L’Internet of Things, filosofia tecnologica in rapida affermazione, consiste nel rendere smart ciò che ci circonda nel quotidiano in modo che possa renderci un servizio migliore.
Tuttavia, nello sviluppare questa nuova realtà tecnologica, potrebbero nascondersi anche dei pericoli troppo facilmente sottovalutati. A parlarne, nel corso del Mozilla Festival di Londra (6-8 Novembre), è stato l’executive director di Mozilla Mark Surman.
Surman, nel corso di una chiacchierata con l’inviato di Tom’s Hardware, ha spiegato il suo pensiero riguardo l’Internet of Things parlando di chiari pericoli per la nostra privacy. Con l’I.O.T, in pratica tendiamo a rendere tutte le cose smart al fine di poterle controllare da remoto e da poterne ricavare maggiore soddisfazione: risultato? Già oggi gli elettrodomestici ed i device smart di seguono ovunque.
Poco male direte voi: siamo noi a controllarli. Ma siamo sicuri che sia così? Nello scenario prospettato da Surman, presto avremo tecnologie che raccoglieranno la nostra storia sanitaria, le nostre preferenze sessuali, politiche e religiose. Anche solo osservando i dispositivi che portiamo addosso, per Surman, potremo essere facilmente etichettati, schedati e catalogati in un certo modo. E questo è lesivo della privacy ma è il meno: problemi del genere sarebbero, comunque, ovviabili con dispositivi indossabili ben mimetizzati.
Il problema vero sta nei dati che questi dispositivi verrebbero ad ospitare. Con gli standard tecnologici chiusi, ovvero “non open”, è difficile sapere cosa verranno effettivamente a sapere queste tecnologia di noi, che uso faranno dei nostri dati e, soprattutto, a chi li passeranno in ultima istanza.

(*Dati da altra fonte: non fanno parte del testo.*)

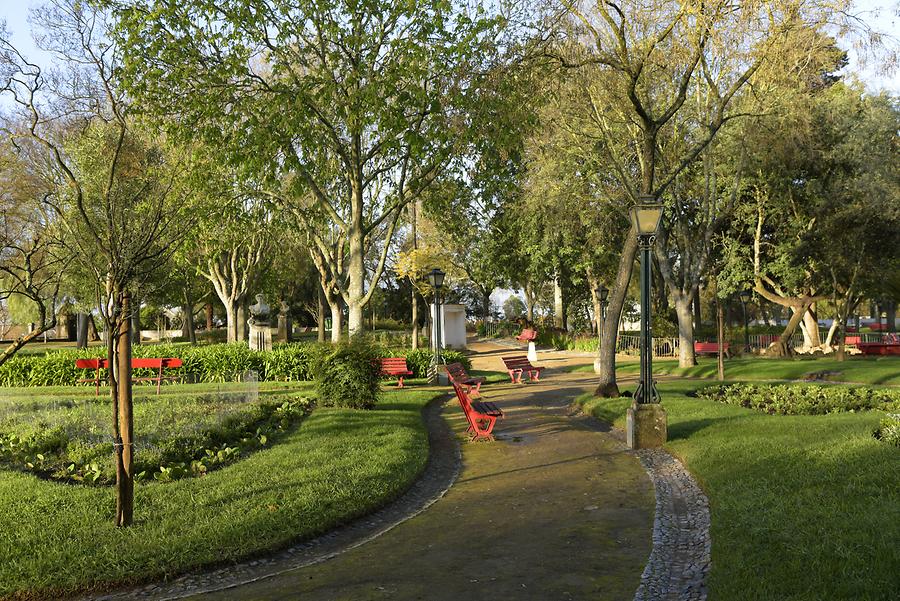 Évora - Municipal Park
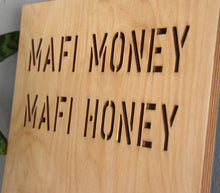 Load image into Gallery viewer, Mafi Honey Plaque (Clearance)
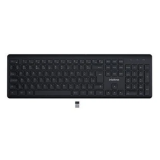 TECLADO SEM FIO INTELBRAS TSI50 PRETO SILENCIOSO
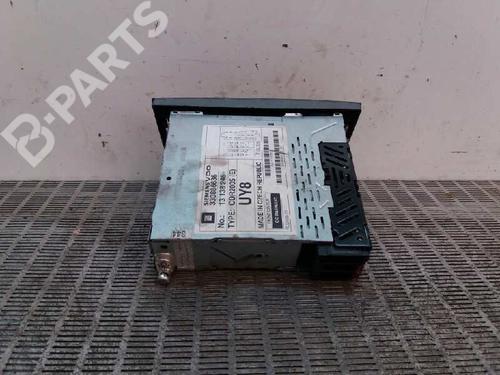 Radio OPEL VECTRA C (Z02) 1.8 16V | BP594474E6 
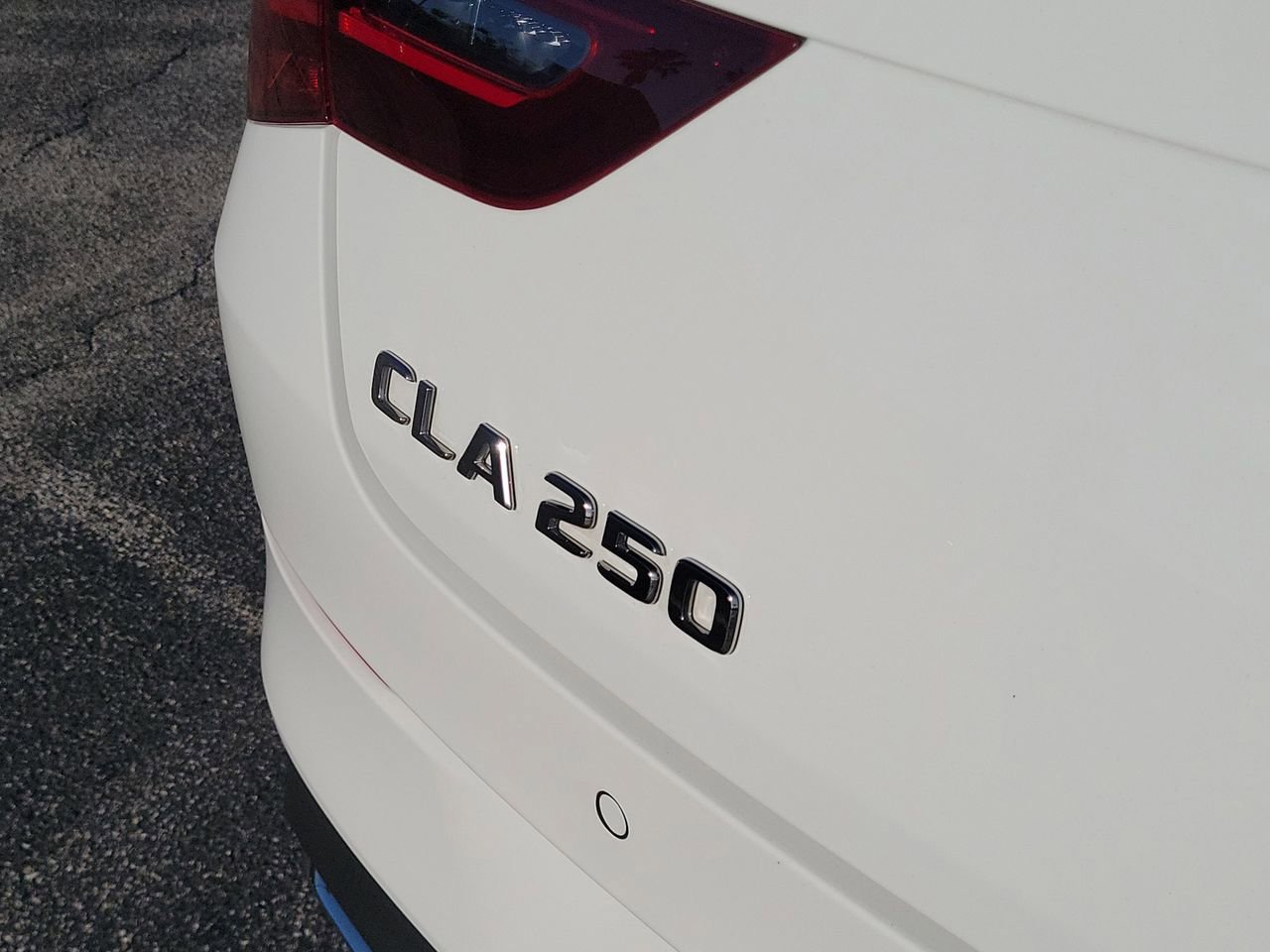 Certified 2025 Mercedes-Benz CLA 250 image 7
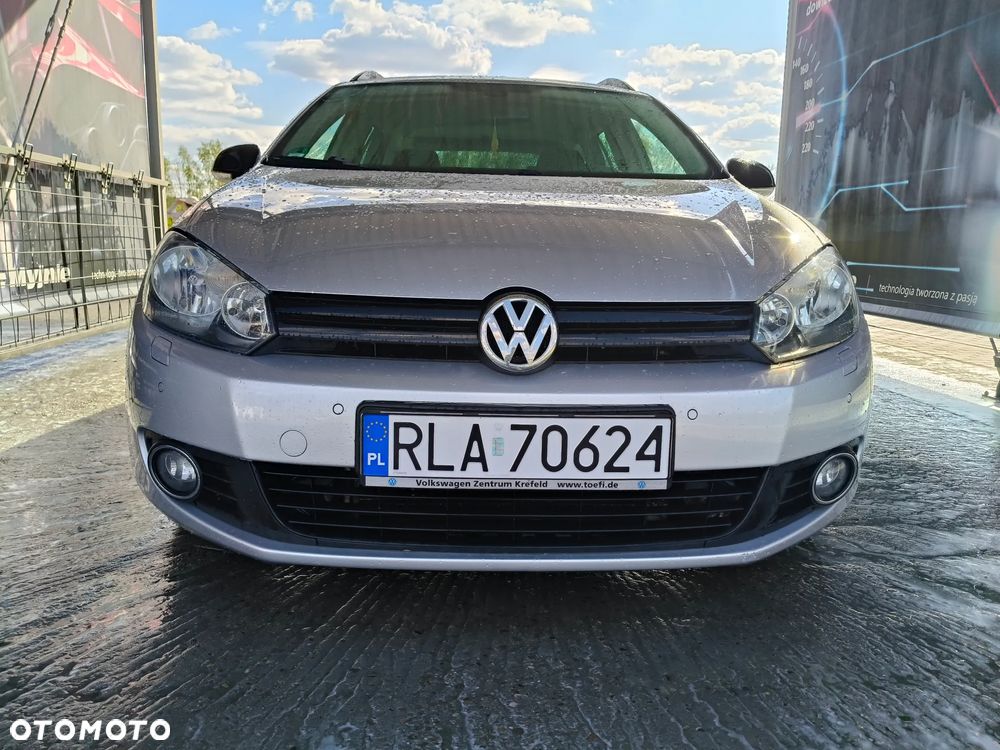 Volkswagen Golf 1.6 TDI BlueMotion Technology Comfortline - 5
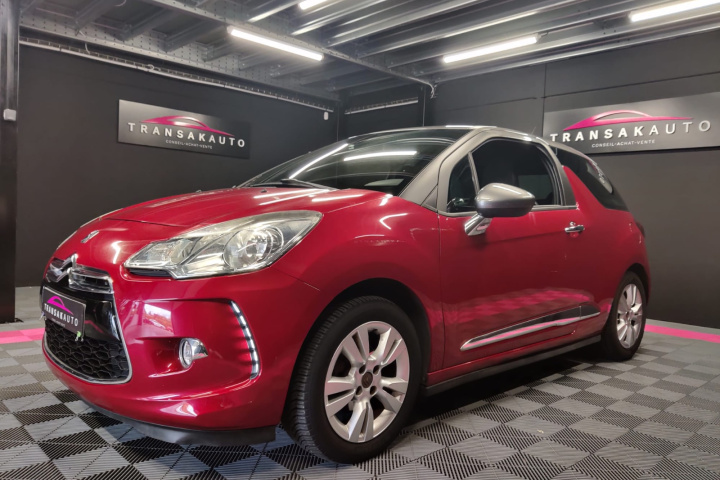 CITROEN DS3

Se, poi, ci mettiamo il “carico da quaranta” della cattiva protezione di questi dispositivi, vedremo come questi ultimi potranno essere facilmente trasformati in “occhi e orecchie del re” (una metafora per intendere gli antichi satrapi persiani, in sostanza i governatori del Grande Re) in grado di ascoltare tutto ciò che diciamo, vedere quello che facciamo, sapere quello che pensiamo.
In sostanza, aggiunge Surman, “incontreremo grandi difficoltà nel tenere sotto controllo quello che ci riguarda, le nostre preferenze e, più in generale, la nostra ‘umanità”. C’è un rimedio? Certo che sì, conclude – con ottimismo – il guru in questione: occorre spingere le autorità e gli enti di certificazione (ovviamente anche le aziende) nell’adottare standard open che ci rendano più edotti di come funzionano le tecnologie e di come queste ultime possano condizionare la nostra vita.